Is power fade a euphemism for enormous slice?  And power draw a duck hook?  I'm being flippant but am genuinely interested in the answer.


----------



## USER1999 (Dec 6, 2012)

Stuey01 said:



			What is the difference between the power and normal variants?  
Is power fade a euphemism for enormous slice?  And power draw a duck hook?  I'm being flippant but am genuinely interested in the answer.
		
Click to expand...

Normally a so called power fade is a push fade, as it is hit with an in to out swing. A fade hit by an out to in swing is a weaker shot. Hence the belief that fading the ball leads to a loss of distance compared to a draw, because most people fade by chopping across the ball, out to in.


----------



## SocketRocket (Dec 6, 2012)

murphthemog said:



			Normally a so called power fade is a push fade, as it is hit with an in to out swing. A fade hit by an out to in swing is a weaker shot. Hence the belief that fading the ball leads to a loss of distance compared to a draw, because most people fade by chopping across the ball, out to in.
		
Click to expand...

Hitting in to out is chopping across the ball as well.


----------



## Foxholer (Dec 6, 2012)

SocketRocket said:



			Ok, I'm back in the room, not really pointy fingering or huffing either.

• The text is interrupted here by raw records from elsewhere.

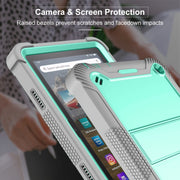 Silicone + PC Holder Shockproof Tablet Case For Amazon Kindle Fire HD 8 2022 / 2020 / HD 8 Plus 2020(Mint Green+Grey)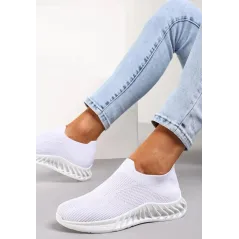 Białe Sneakersy Na Grubej Podeszwie Ze Skarpetkową Cholewką Rozmiar 38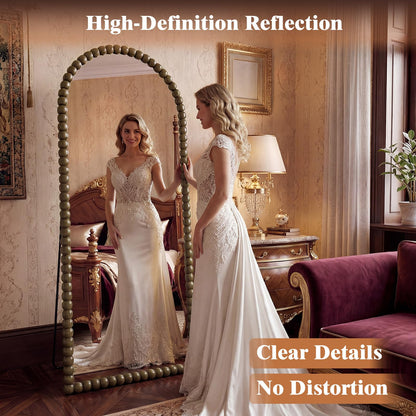 FlyEcho Arched Full Length Mirror, 71"x28" Antique Beaded Full Body Mirrors, Large Floor Mirror with Stand, Hanging Mounted for Bedroom Living Room Cloakroom Hallway Decor, PU Frame, Bronze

James, This is the way I see it, if you dont agree thats fine but please dont make derisory comments because I happen to have a different opinion.  I didnt say you manipulated the video, I suggested you were manipulating your description of Tigers swing.

To me, a push is a fault. I see no reason for it, the same goes with a pull. (Explain if you disagree)

To hit the ball out to right or left of target I would align and aim right or left as if playing a straight shot in that direction. If I want the ball to draw or fade from the line I will then swing a degree right or left of that aim line. My initial ball flight is controlled by the direction I point the clubface, I think you will agree that to fade or draw you have to cut across the ball. I dont like to manipulate a push or a pull as it is IMO a fault.

P.S.
For those who dont like technical golf debates, dont read them.
.
		
Click to expand...

I think you are confusing the 'Push/Pull = bad shot' with the 'push/pull = swing-path' descriptions. In the former, the description is about the results, and it probably does mean there's a fault; in the latter, it's merely a description of the swing path, relative to 'target' and may be deliberate, so not a fault.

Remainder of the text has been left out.